Subscribe for next week's free report — UK builder data every Thursday. Compliance, pricing benchmarks, and what's working for UK indie SaaS founders. No fluff, no affiliate noise.

Frequently asked

Is MTD ITSA actually live for me?

Yes if you're self-employed (sole trader or partnership) and your gross trading income exceeded £50,000 in the 2024/25 tax year.
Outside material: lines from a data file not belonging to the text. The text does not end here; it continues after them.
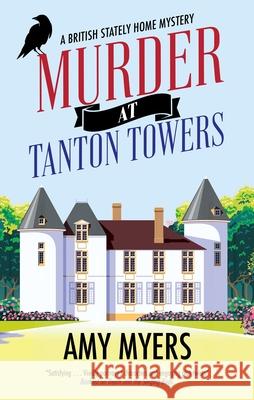 Murder at Tanton Towers Amy Myers 9781448309979 Canongate Books
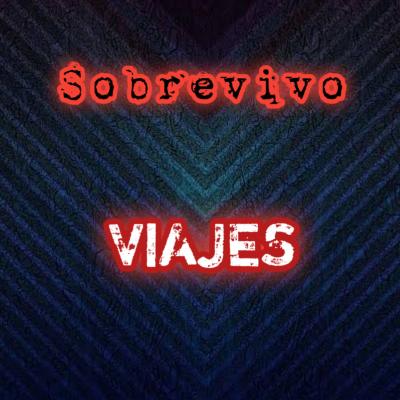 episode Viajes - sobrevivo #10 artwork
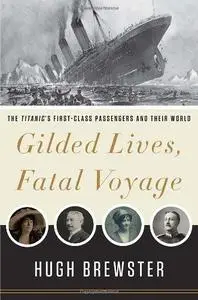 Gilded Lives, Fatal Voyage: The Titanic's First-Class Passengers and Their World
The £30,000 threshold kicks in from April 2027. Limited company directors don't fall under MTD ITSA — your company tax stays under standard CT600 filing until MTD for Corporation Tax arrives in April 2027.

Can I keep using a spreadsheet?

Only if you bridge it to MTD via "bridging software" — a small piece of compatible software that submits the spreadsheet figures digitally to HMRC. It's allowed, but it's the worst of both worlds: you do the bookkeeping work in Excel and pay for software anyway. Honestly, just pick one of the three tools above.

What if I'm both employed and self-employed?

MTD ITSA only covers your self-employed income. Your PAYE earnings continue to flow through your employer's RTI submissions. You'll still file a final declaration that combines both at year end.

Do I need an accountant on top of bookkeeping software?

Not for compliance — all three tools file MTD submissions directly. An accountant adds value for tax planning (timing of dividends, salary/dividend split, R&D claims, capital allowances) once revenue passes roughly £50k or you're a Limited company. Below that, the software plus an hour with HMRC's online manuals usually does it.

Can I switch from FreeAgent to Xero (or vice versa) mid-year?

Yes. Export trial balance, customer ledger, supplier ledger, and bank reconciliation history as CSVs. Import into the new tool with an opening balance dated to the start of a clean month — typically the first of a VAT quarter. Allow half a day. Run the old tool in read-only mode for 12 months for HMRC enquiry coverage.